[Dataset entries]
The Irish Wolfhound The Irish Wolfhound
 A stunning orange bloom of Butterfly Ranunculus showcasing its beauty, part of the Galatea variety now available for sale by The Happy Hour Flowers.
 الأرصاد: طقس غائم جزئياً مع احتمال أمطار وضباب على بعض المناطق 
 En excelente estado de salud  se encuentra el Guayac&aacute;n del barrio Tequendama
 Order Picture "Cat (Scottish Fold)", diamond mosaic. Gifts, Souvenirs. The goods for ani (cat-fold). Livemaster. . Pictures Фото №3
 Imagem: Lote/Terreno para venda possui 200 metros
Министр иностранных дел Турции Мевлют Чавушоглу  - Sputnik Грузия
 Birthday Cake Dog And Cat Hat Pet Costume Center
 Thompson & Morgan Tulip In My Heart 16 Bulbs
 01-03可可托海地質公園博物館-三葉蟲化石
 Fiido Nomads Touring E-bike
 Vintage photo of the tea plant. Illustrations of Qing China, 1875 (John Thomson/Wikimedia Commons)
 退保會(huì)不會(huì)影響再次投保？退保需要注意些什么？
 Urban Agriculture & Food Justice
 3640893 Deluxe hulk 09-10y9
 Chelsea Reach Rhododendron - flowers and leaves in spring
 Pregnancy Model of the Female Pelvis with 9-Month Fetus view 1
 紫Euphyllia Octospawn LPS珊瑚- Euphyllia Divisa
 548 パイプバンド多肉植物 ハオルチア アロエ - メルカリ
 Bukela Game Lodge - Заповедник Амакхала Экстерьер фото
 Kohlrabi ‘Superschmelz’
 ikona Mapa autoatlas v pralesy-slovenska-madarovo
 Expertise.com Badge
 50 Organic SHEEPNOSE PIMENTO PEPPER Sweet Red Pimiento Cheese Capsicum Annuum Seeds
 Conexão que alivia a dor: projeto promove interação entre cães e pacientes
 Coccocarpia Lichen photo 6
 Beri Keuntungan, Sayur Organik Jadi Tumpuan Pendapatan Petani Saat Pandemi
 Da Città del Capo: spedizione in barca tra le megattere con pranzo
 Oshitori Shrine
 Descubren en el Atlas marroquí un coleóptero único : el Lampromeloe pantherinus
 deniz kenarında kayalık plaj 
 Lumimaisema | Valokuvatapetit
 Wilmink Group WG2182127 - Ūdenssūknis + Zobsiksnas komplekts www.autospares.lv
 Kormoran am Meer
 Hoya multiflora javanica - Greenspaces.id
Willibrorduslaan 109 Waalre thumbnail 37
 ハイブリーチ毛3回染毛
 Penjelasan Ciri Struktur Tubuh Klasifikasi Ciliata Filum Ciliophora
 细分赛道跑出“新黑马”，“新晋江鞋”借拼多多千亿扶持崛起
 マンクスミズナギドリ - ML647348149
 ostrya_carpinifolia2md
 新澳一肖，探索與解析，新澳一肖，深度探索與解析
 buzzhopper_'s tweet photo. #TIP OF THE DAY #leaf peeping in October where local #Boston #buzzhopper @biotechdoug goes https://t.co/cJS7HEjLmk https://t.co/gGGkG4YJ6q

WHAT IS NEEDED:
Transcribe exactly, starting at the line with "deniz kenarında kayalık plaj" and continuing through the last line of the data above; leave out all earlier lines.

TASK ANSWER:
 deniz kenarında kayalık plaj 
 Lumimaisema | Valokuvatapetit
 Wilmink Group WG2182127 - Ūdenssūknis + Zobsiksnas komplekts www.autospares.lv
 Kormoran am Meer
 Hoya multiflora javanica - Greenspaces.id
Willibrorduslaan 109 Waalre thumbnail 37
 ハイブリーチ毛3回染毛
 Penjelasan Ciri Struktur Tubuh Klasifikasi Ciliata Filum Ciliophora
 细分赛道跑出“新黑马”，“新晋江鞋”借拼多多千亿扶持崛起
 マンクスミズナギドリ - ML647348149
 ostrya_carpinifolia2md
 新澳一肖，探索與解析，新澳一肖，深度探索與解析
 buzzhopper_'s tweet photo. #TIP OF THE DAY #leaf peeping in October where local #Boston #buzzhopper @biotechdoug goes https://t.co/cJS7HEjLmk https://t.co/gGGkG4YJ6q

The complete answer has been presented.